Metro M4 Samd51 timer not matching datasheet

Hi All,

I’ve run into a really weird issue with my adafruit Metro M4 samd51 Airlift board that I eventually figured out a solution for but I’m still very confused about the underlying cause / explanation.

On the adafruit schematic, and in the variant.cpp file for the board, pin D9 maps to PA20, and according to the multiplexing table (6-1) that should map (via output F (5)) to TCC1 WO[4].

But after forever trying to figure out why I couldn’t get that to work, I tried all the other TCC output channels, and found that using WO[0] worked! The thing is, I can’t for the life of me figure out why.

Any insight would be appreciated! (example code with working and not working TCC reg calls below.

Also many thanks to MartinL for setting me on the right path with all this stuff.

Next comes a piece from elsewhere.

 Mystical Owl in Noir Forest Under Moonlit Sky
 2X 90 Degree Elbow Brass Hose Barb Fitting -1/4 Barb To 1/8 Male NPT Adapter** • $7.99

// Adafruit Metro M4 Only: Set-up digital pin D7 to output 50Hz, single slope PWM with a 50% duty cycle
void setup()

  // Set up the generic clock (GCLK7) to clock timer TCC1
  GCLK->GENCTRL[7].reg = GCLK_GENCTRL_DIV(1) |       // Divide the clock source by divisor 1
                         GCLK_GENCTRL_IDC |          // Set the duty cycle to 50/50 HIGH/LOW
                         GCLK_GENCTRL_GENEN |        // Enable GCLK7
                        // GCLK_GENCTRL_SRC_DFLL;      // Select 48MHz DFLL clock source
                         //GCLK_GENCTRL_SRC_DPLL1;     // Select 100MHz DPLL clock source
                         GCLK_GENCTRL_SRC_DPLL0;     // Select 120MHz DPLL clock source
  while (GCLK->SYNCBUSY.bit.GENCTRL7);               // Wait for synchronization

  GCLK->PCHCTRL[25].reg = GCLK_PCHCTRL_CHEN |        // Enable the TCC0 peripheral channel
                          GCLK_PCHCTRL_GEN_GCLK7;    // Connect generic clock 7 to TCC0

// enable MUX
PORT->Group[g_APinDescription[9].ulPort].PINCFG[g_APinDescription[9].ulPin].bit.PMUXEN = 1;
// Set MUX to ouput 5 (F)
PORT->Group[g_APinDescription[9].ulPort].PMUX[g_APinDescription[9].ulPin >> 1].reg |= PORT_PMUX_PMUXE(5);

TCC1->CTRLA.reg = TC_CTRLA_PRESCALER_DIV1 |        // Set prescaler to 1
                  TC_CTRLA_PRESCSYNC_PRESC;        // Set the reset/reload to trigger on prescaler clock

TCC1->WAVE.reg = TC_WAVE_WAVEGEN_NPWM;             // Set-up TCC1 timer for Normal (single slope) PWM mode (NPWM)
while (TCC1->SYNCBUSY.bit.WAVE)                    // Wait for synchronization

TCC1->PER.reg = 4994;                            // Set-up the PER (period) register 100 kHz PWM
while (TCC1->SYNCBUSY.bit.PER);                    // Wait for synchronization

TCC1->CTRLA.bit.ENABLE = 1;                        // Enable timer TCC1
while (TCC1->SYNCBUSY.bit.ENABLE);                 // Wait for synchronization

TCC1->CCBUF[0].reg = 1000; //  This one WORKS!
// TCC1->CCBUF[4].reg = 1000; // DOES NOT WORK!


void loop() {


Why is the channel wrong.ino (1.97 KB)

Hi jazzlw,

The timer outputs are one of the most poorly described aspects in the SAMD21 and SAMD51 datasheets.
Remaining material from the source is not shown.